Go to the line with "In the next" in the records below, then output it and each following line exactly, up to and including the line with "So let's go". Skip pictures and add nothing.

-- Source material follows --

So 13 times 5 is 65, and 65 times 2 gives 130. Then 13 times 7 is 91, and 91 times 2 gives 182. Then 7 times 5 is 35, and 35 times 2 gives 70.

-- Source material concluded --
-- Source material follows --

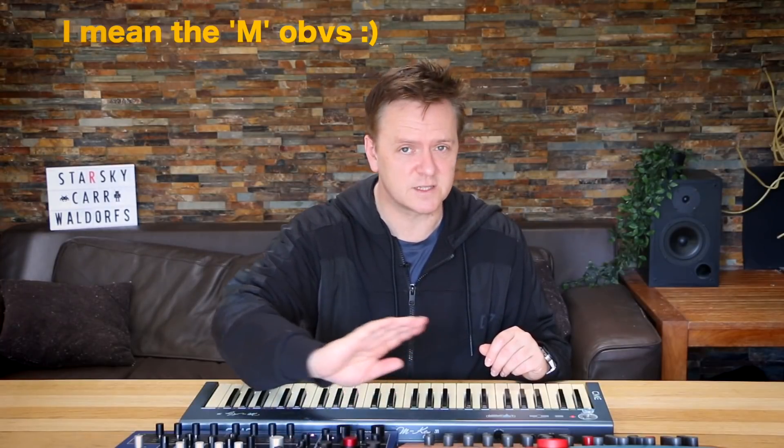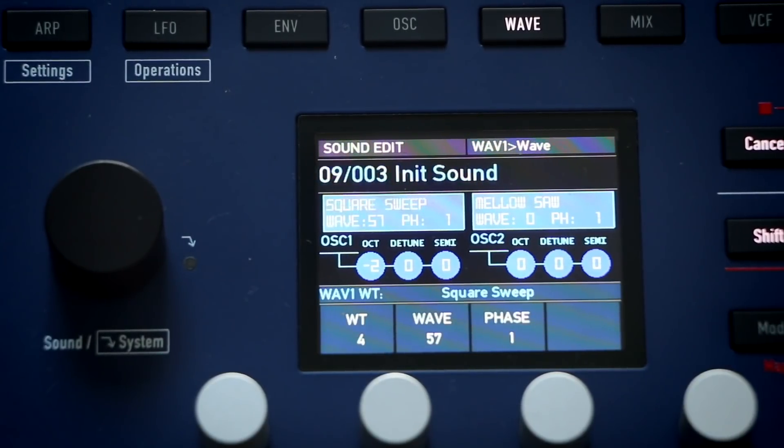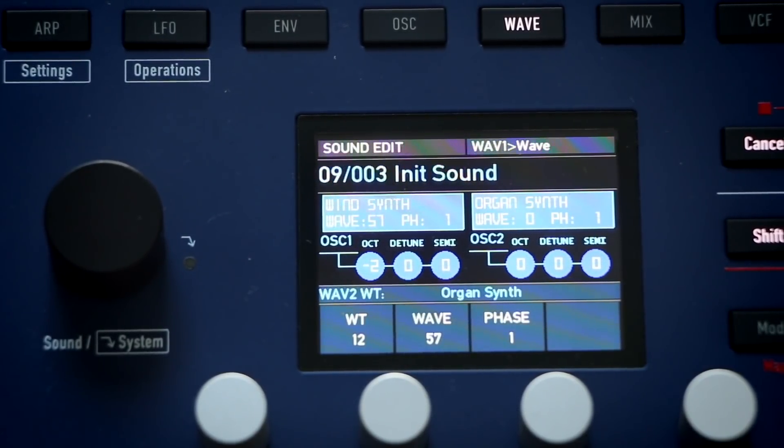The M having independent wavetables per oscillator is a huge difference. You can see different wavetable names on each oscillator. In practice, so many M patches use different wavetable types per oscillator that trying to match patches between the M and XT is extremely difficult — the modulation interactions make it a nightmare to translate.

-- Source material concluded --
-- Source material follows --

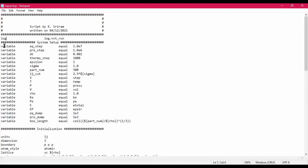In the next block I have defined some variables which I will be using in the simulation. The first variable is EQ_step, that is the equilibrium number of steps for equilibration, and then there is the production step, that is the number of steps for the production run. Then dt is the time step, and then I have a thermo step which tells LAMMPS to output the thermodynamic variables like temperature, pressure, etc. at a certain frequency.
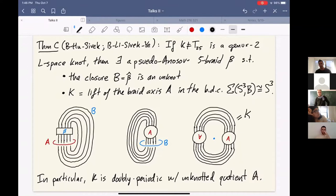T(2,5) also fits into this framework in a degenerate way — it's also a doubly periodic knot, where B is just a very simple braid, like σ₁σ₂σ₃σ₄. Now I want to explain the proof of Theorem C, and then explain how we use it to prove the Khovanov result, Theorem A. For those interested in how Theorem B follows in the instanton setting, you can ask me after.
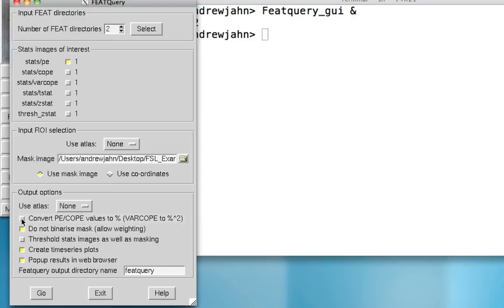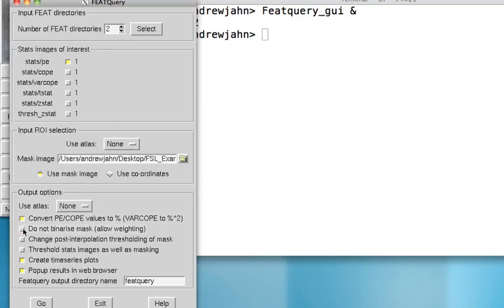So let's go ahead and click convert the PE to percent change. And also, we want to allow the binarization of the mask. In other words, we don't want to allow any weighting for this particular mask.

-- Source material concluded --

Task result:
In the next block I have defined some variables which I will be using in the simulation. The first variable is EQ_step, that is the equilibrium number of steps for equilibration, and then there is the production step, that is the number of steps for the production run. Then dt is the time step, and then I have a thermo step which tells LAMMPS to output the thermodynamic variables like temperature, pressure, etc. at a certain frequency.
T(2,5) also fits into this framework in a degenerate way — it's also a doubly periodic knot, where B is just a very simple braid, like σ₁σ₂σ₃σ₄. Now I want to explain the proof of Theorem C, and then explain how we use it to prove the Khovanov result, Theorem A. For those interested in how Theorem B follows in the instanton setting, you can ask me after.
So let's go ahead and click convert the PE to percent change. And also, we want to allow the binarization of the mask. In other words, we don't want to allow any weighting for this particular mask.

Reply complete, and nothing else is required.